Identify Characteristics Of Corporations And Their Organizat
Identify Characteristics Of Corporations And Their Organization
Identify characteristics of corporations and their organization. Explain characteristics of, and distribute dividends between common and preferred stock. Explain the items reported in retained earnings.
The organization manages all the corporation's problems. The corporation is the primary company. Common stock represents ownership in a corporation with one class of stock. Preferred stock provides certain privileges over common stock, such as priority in dividends and assets but does not give control over the company. Retained earnings show the net income of the company that is not distributed to stockholders and are used for reinvestment or debt reduction.
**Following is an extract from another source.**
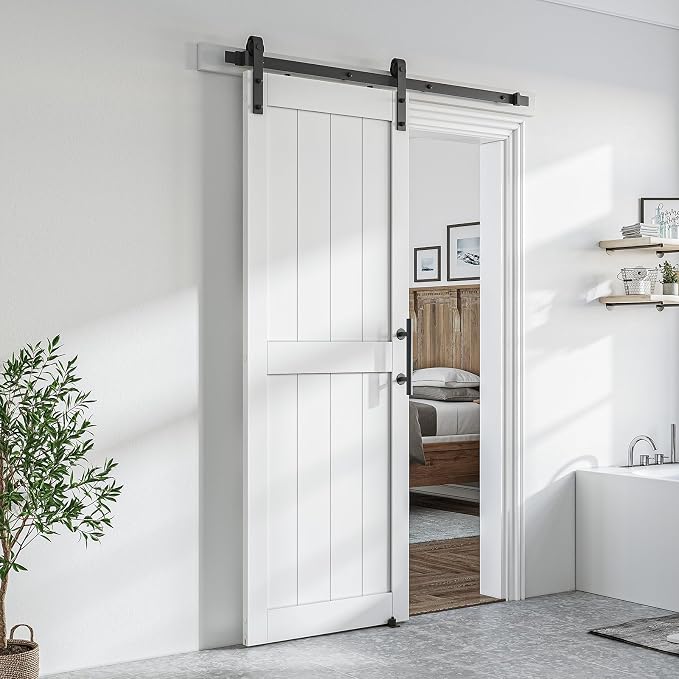 SMARTSTANDARD 28" x 84" White Sliding Barn Door with 5FT Black Hardware | Pre-Drilled Ready to Assemble, Waterproof PVC Coating, H-Frame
Paper For Above instruction
Corporations are a fundamental form of business organization characterized by a distinct legal identity separate from their owners. This structure grants the corporation certain characteristics that influence how they operate, raise capital, and distribute profits. Understanding these characteristics is essential to comprehending the corporate world and its influence on the economy.
Characteristics of Corporations
One of the most defining features of a corporation is its legal personality. Once incorporated, a corporation is recognized by law as a separate entity that can own property, enter into contracts, sue and be sued, and undertake various business activities independently of its owners (Dlabay, Scott, & Crawford, 2018). This separation provides limited liability to shareholders, meaning their financial risks are limited to their investment in the stock of the corporation. Unlike sole proprietorships or partnerships, the corporation's owners—shareholders—are protected from personal liability for the company's debts and other obligations.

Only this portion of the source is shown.